If you are buying a separate line to the telco office for each of your
phones ("line" in the sense of both the physical line and the accounting),
then you don't need a PBX.
If you're setting up your own PBX, you need
- phones
- phone numbers from your
provider, usually one per phone (so every phone can be called from the
outside world, though some systems sometimes skimped here).
- trunk lines from your PBX to
the telco, sometimes "virtual", and usually much fewer in number than
your phones
- glue
Question: how many trunk lines do we need? If at any moment we have more
people wanting to call out than we have lines, some of them will get the
no-trunk-available signal (traditionally the "fast busy" or reorder
signal). The number of trunk lines should exceed the peak-hour average
number of outbound calls, but exceed by
how much? The margin of safety needed gets smaller (at least as a
percentage) as your organization gets larger.
Suppose we have a small number of trunk
lines from the telco that come into our PBX FXO ports, and many
more internal phones connected to our PBX FXS ports. Outbound calls are
straightforward: the telco doesn't really need to know who's placing the
call (except that we may want to cooperate with Caller ID by providing "CID"
information). But what about inbound calls? To which internal phone should
it be routed? Typically, we get a block of phone numbers from the telco, and
use those (or straightforward mods of those) for our internal phone
extensions. Then, when an inbound call arrives, our PBX uses Direct Inward
Dial, or DID, information attached to the beginning of the call (often in
analog form) in order to identify the desired extension. The PBX then
connects the call to that extension.
PBX terminology
Extensions
In most PBXes, Asterisk or not, everything is an extension:
- telephones
- voicemail boxes
- intercom
- auto attendants
- call groups (all phones in the group ring)
- hunt groups
Early on in the configuration process you typically need to set the number
of digits in extensions, eg 3 or 4 or 5 (Asterisk is more flexible in this
regard).
Extensions are usually allocated in RANGES, eg 2000-2999. Some extensions
(the "administrative" ones) might simply not be dialable at all by ordinary
extensions. Asterisk achieves this by allowing you to put different
extensions in different contexts. A context begins with a context
name in [ ]. An extension in one context cannot dial an extension in another
context unless some provision is made to allow it. In fact, the same
extension may appear in a different context, and represent an entirely
different phone.
In Asterisk, we will usually define all phone features for an
extension. Then, to connect the extension to an actual line, eg from
flowroute, we use:
exten => 17734094359,1,Goto(default,3031,1)
This means that external number 17734094359 is connected to extension 3031
in the context "default", which in turn connects to the cisco phone usually
in my office.
The internal extensions may or may not exactly agree with the low-order
digits of the lines provided by your telecom provider.
Call Paths
A call path is a set of responses over time if a call is not answered; eg
sending to voicemail at T=20 seconds. Here is our notation for this normal
call path:
extension (ring 3x)
⟶ voicemail
(Actually, ringing 3 times is traditionally 18 seconds, though with
ringtones counting the number of rings is sort of irrelevant.)

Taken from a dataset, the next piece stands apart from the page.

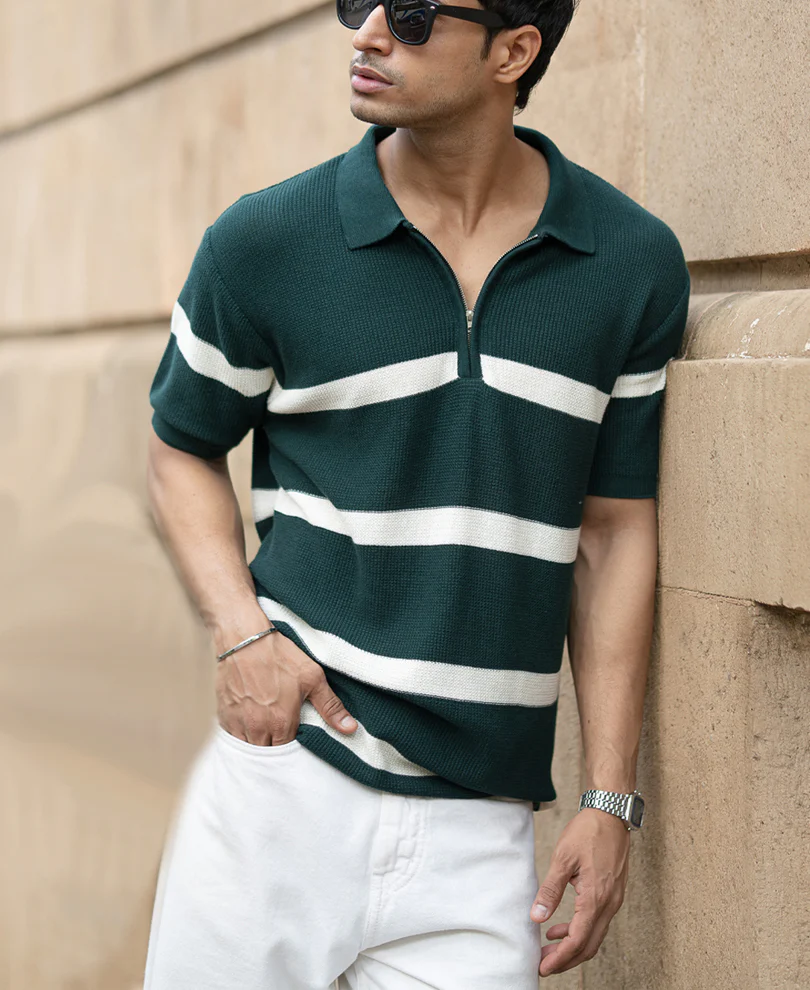 Pine Striped Zipper T-Shirt - Image 2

Here is a more elaborate alternative:
manager extension (ring 3x)
⟶ assistant manager (ring 3x)
⟶ call group in sales (ring 3x)
⟶ outcall to somebody's cell
⟶ voicemail
Outcalling
This means forwarding a call to an outside number. There are several common
problems with this:
- Your organization now has to pay the cost of the outbound (long
distance, international, etc). The person who placed the call has no
idea this charge will be incurred, and so may not use discretion.
- This means one call from the PSTN to the outcalled extension ties up
two trunk lines: one for the incoming call, and one for the outcall.
- People sometimes try hacking the outcall system to allow free
long-distance calls. If someone can break in and change the outcalled
number, they can change it to the number of their sister in Australia,
and then call the local extension forwarded to the outcall number to be
connected to her.
Auto Attendants
These are lines with simple programs on them to answer your call and ask you
to enter various digits to do things. Typically each AA will "live" on a
special administrative extension (perhaps not one normally dialable), and be
"connected" to a regular extension on an as-needed basis.
The AA messages can be set to change at different times of day; that is, you
can have a different message after hours.
Some AA systems take all their messages from voicemail systems; this allows
easy recording.
Some AA systems do mean things like telling you to dial 0 for operator, and
then forward you back to the top level of the AA system.
Trunk lines
These are what you buy a bunch of from your telecom provider. Each of them
has its own number, eg 4106852808. Trunk lines are sometimes known as Direct
Inward Dials or DIDs.
Some trunk lines might go to individual desks.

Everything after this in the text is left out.